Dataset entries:
◆ ◆ ◆ ◆ ◆ ◆ ◆

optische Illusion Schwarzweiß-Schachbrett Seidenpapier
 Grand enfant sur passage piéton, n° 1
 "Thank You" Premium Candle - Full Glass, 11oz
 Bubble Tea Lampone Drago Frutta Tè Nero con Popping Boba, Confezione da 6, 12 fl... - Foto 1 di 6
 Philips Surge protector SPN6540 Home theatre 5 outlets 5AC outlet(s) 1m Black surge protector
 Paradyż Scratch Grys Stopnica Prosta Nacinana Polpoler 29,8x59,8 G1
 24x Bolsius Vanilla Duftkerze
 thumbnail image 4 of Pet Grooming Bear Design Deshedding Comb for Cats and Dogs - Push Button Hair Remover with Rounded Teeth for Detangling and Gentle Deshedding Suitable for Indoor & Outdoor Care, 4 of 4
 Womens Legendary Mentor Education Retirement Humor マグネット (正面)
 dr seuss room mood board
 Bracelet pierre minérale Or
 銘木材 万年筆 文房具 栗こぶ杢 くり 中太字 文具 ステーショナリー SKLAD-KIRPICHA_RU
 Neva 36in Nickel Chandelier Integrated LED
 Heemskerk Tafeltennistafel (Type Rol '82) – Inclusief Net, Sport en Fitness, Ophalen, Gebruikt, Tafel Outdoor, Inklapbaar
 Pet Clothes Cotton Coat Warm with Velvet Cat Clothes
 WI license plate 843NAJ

◆ ◆ ◆ ◆ ◆ ◆ ◆

• [Your objective] Set down, please, the lines from the line holding "24x Bolsius Vanilla Duftkerze" through the final line of the data, exactly and with nothing added.

• [Answer]
 24x Bolsius Vanilla Duftkerze
 thumbnail image 4 of Pet Grooming Bear Design Deshedding Comb for Cats and Dogs - Push Button Hair Remover with Rounded Teeth for Detangling and Gentle Deshedding Suitable for Indoor & Outdoor Care, 4 of 4
 Womens Legendary Mentor Education Retirement Humor マグネット (正面)
 dr seuss room mood board
 Bracelet pierre minérale Or
 銘木材 万年筆 文房具 栗こぶ杢 くり 中太字 文具 ステーショナリー SKLAD-KIRPICHA_RU
 Neva 36in Nickel Chandelier Integrated LED
 Heemskerk Tafeltennistafel (Type Rol '82) – Inclusief Net, Sport en Fitness, Ophalen, Gebruikt, Tafel Outdoor, Inklapbaar
 Pet Clothes Cotton Coat Warm with Velvet Cat Clothes
 WI license plate 843NAJ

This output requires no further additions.